» WORK REQUEST:
Copy nothing but the lines below, from the one with "ELOISE RUFFLE DANCE BAG" through the one with "HAWKE Match Mount", exactly as written; no pictures should appear.

» EXTRACTED DATA:
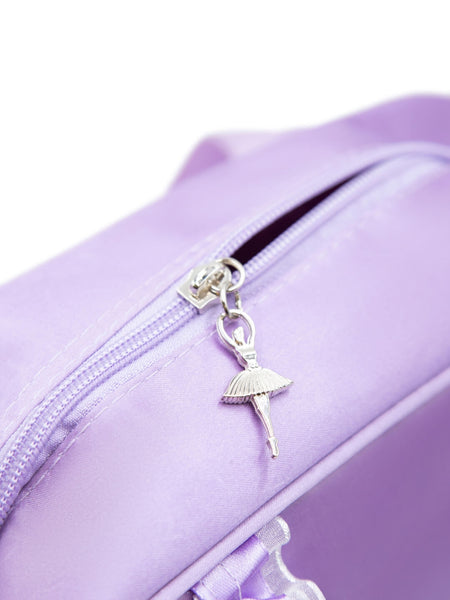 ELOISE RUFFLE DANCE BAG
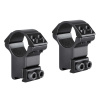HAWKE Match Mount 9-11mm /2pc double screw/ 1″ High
...
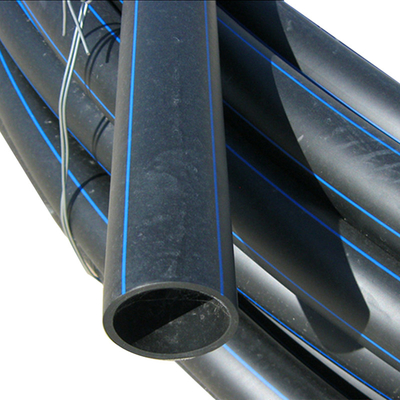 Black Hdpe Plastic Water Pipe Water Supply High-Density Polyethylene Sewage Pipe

» REPLY TO THE TASK:
 ELOISE RUFFLE DANCE BAG
HAWKE Match Mount 9-11mm /2pc double screw/ 1″ High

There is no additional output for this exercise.